ABOUT THIS TASK:
Only the lines below from the one that holds "1891 Morgan Dollar" through the one that holds "Tiny photo for" should appear in the answer, copied exactly, end lines included and pictures omitted.

DATA PROVIDED:

--- START ---

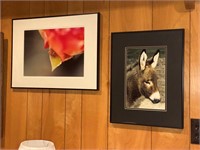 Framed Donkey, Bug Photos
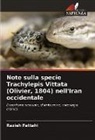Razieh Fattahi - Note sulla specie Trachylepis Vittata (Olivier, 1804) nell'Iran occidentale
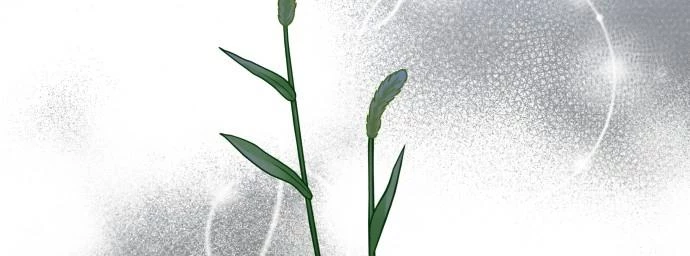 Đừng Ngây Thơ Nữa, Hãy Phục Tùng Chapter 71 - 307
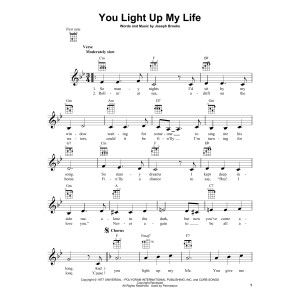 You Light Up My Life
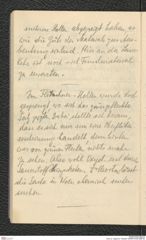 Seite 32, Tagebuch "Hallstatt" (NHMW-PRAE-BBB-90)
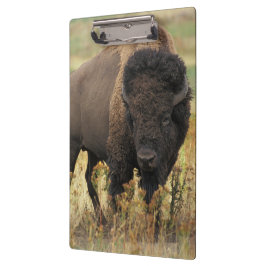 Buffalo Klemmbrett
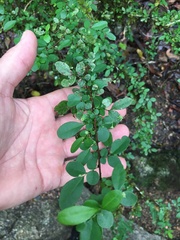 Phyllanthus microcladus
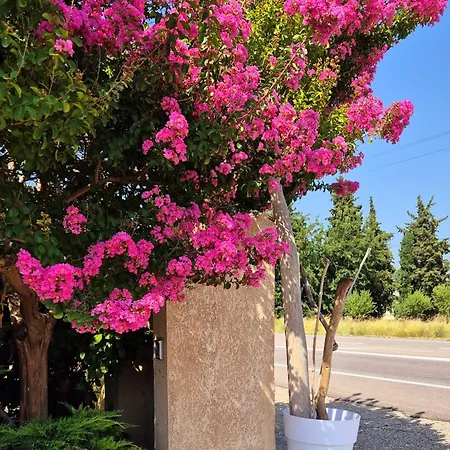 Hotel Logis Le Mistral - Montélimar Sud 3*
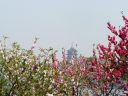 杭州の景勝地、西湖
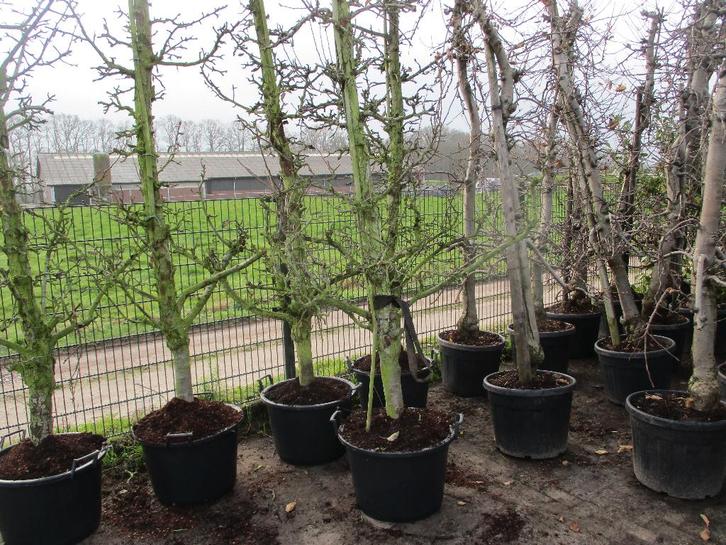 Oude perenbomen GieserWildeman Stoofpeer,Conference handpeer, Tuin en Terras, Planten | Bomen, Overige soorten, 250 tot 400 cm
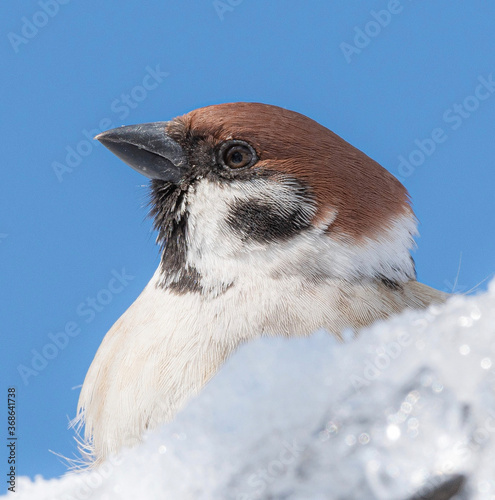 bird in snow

--- END ---
--- START ---

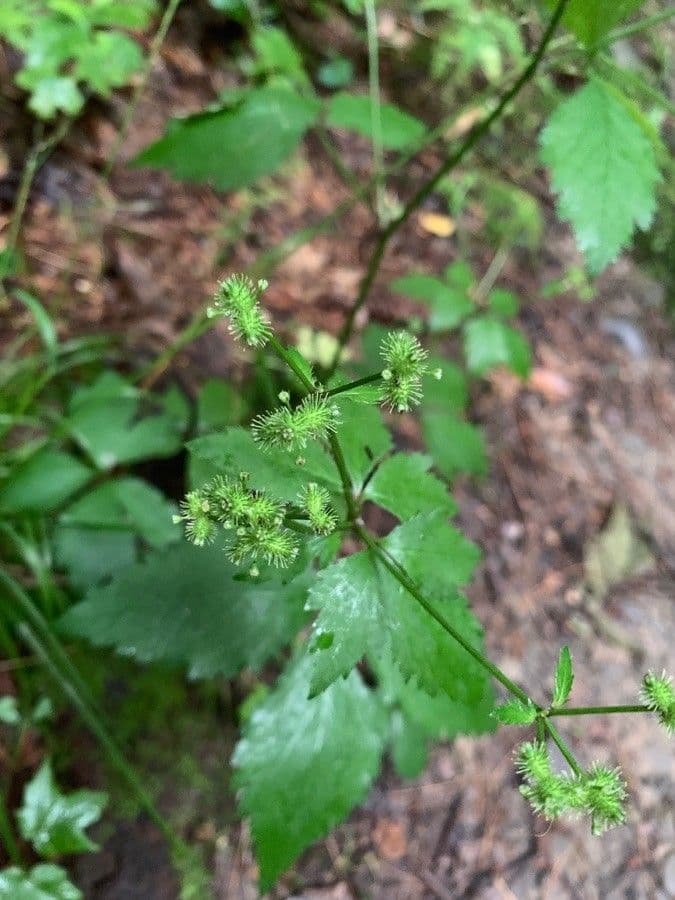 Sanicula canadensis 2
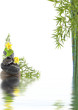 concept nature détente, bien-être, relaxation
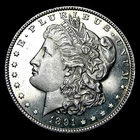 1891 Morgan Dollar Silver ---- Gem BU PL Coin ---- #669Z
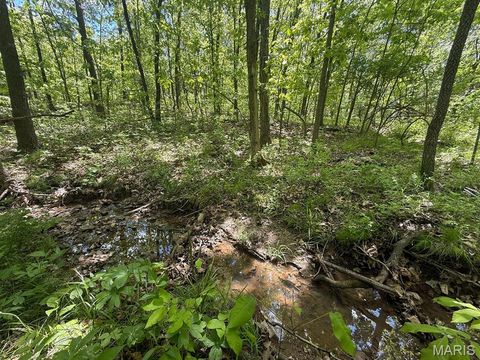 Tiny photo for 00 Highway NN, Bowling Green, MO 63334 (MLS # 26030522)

--- END ---

REPLY TO THE TASK:
 1891 Morgan Dollar Silver ---- Gem BU PL Coin ---- #669Z
 Tiny photo for 00 Highway NN, Bowling Green, MO 63334 (MLS # 26030522)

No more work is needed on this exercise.